А потом, когда мы вернулись, я ему сказала: "Володечка, я так хочу это сыграть с тобой". И мне наши ребята очень помогли. Лев Аркадьевич Штейнрайх,*2 который играл Полония, много работал со мной. Они меня, наверное, любили, потому что я очень много работала, но существовала совсем в другом жанре.
М.Ц. – И конкуренткой никому не были...
А.Ч. – Никак просто, ни с какой стороны! Много работала и служила красоте и музыке. Лев Аркадьевич репетировал со мной сцены Офелии с Полонием, но сказал: "Володя сейчас очень занят, не очень здоров. Вряд ли он придёт репетировать". Я с Володей всё-таки поговорила, он сказал: "Хорошо. Я могу с тобой порепетировать вот тогда-то и тогда-то". И дважды он приходил, и мы репетировали с ним. Он сказал тогда Юрию Петровичу: "Аида хочет Вам показать Офелию". И я показала сцену с Полонием и сцену с Гамлетом. Юрий Петрович пошёл наверх, а мне Володя сказал: "Сиди здесь".

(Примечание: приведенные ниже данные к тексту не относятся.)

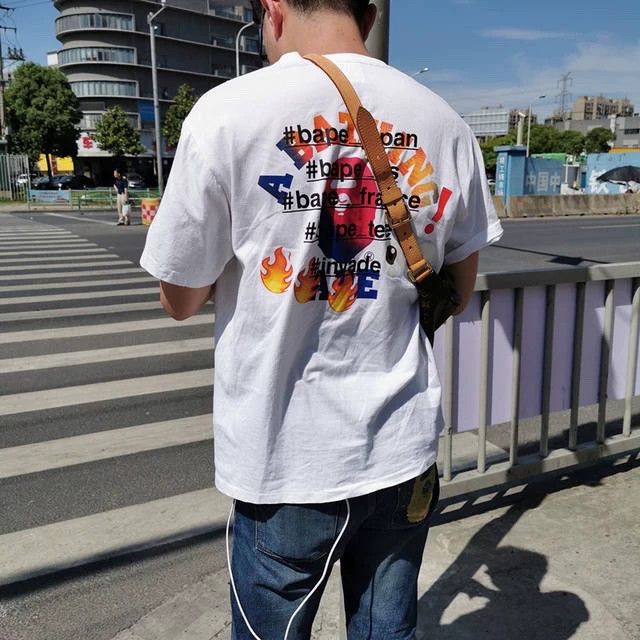 Bape Bape Ape Head T-Shirt S Men Size US S / EU 44-46 / 1 - 1 Thumbnail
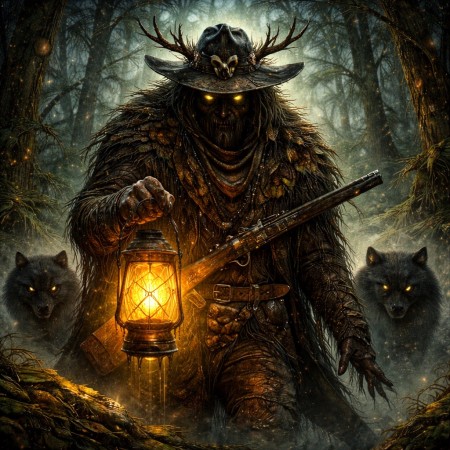 Охотник без тени: легенда карпатских лесов Охотник без тени: легенда карпатских лесов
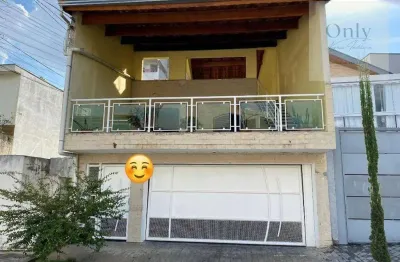 Sobrado com 3 dormitórios à venda, 190 m² por r$ 749.000,00 - jardim são ricardo - são paulo/sp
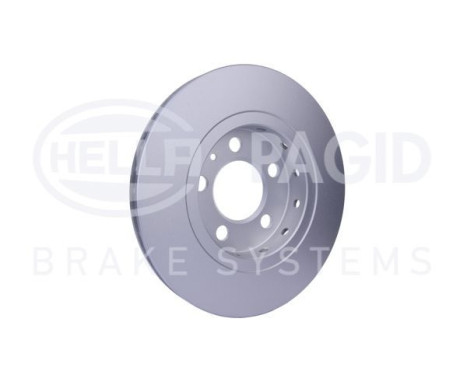 Brake disc 8DD 355 127-451 Hella, Image 4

Он пошёл к Любимову, потом спускается и говорит: "Молодец! Он сказал, что ты обязательно будешь играть". И он так радостно это сказал... Но не сложилось.
А потом у меня была идея сценария по "Божественной комедии" Данте. Сценарий был написан в 1975-м году. Первоначально он задумывался только о Данте, но очень скоро пришли и другие мысли. И там я хотела использовать песни Володи. Я ему об этом сказала позднее, видимо, где-то за год до его смерти. Он мне сказал: "Аида, какая ты дурочка... Ну кто тебе разрешит..." Это должно было быть очень большое программное действо. Когда Володя читал сценарий, – а там помимо его песен и его образа, было и другое, – он сказал: "Когда ты будешь писать об этих кругах ада, не забудь – там этого нет, но ты вставь – по поводу Сизифова труда и обманувших доверившихся".
Я хотела, чтоб этот спектакль был в Театре на Таганке, но это было невозможно – нужна была большая сцена и соответствующая балетная труппа. К тому же, нужно было разрешение. Вы же понимаете, что была цензура, так что к этой постановке нельзя было приступать тогда. Но были надежды всё-таки, и была вера, что придёт время и это можно будет поставить.
Этот сценарий потом дорабатывался, перерабатывался и вырос именно с образом Володи.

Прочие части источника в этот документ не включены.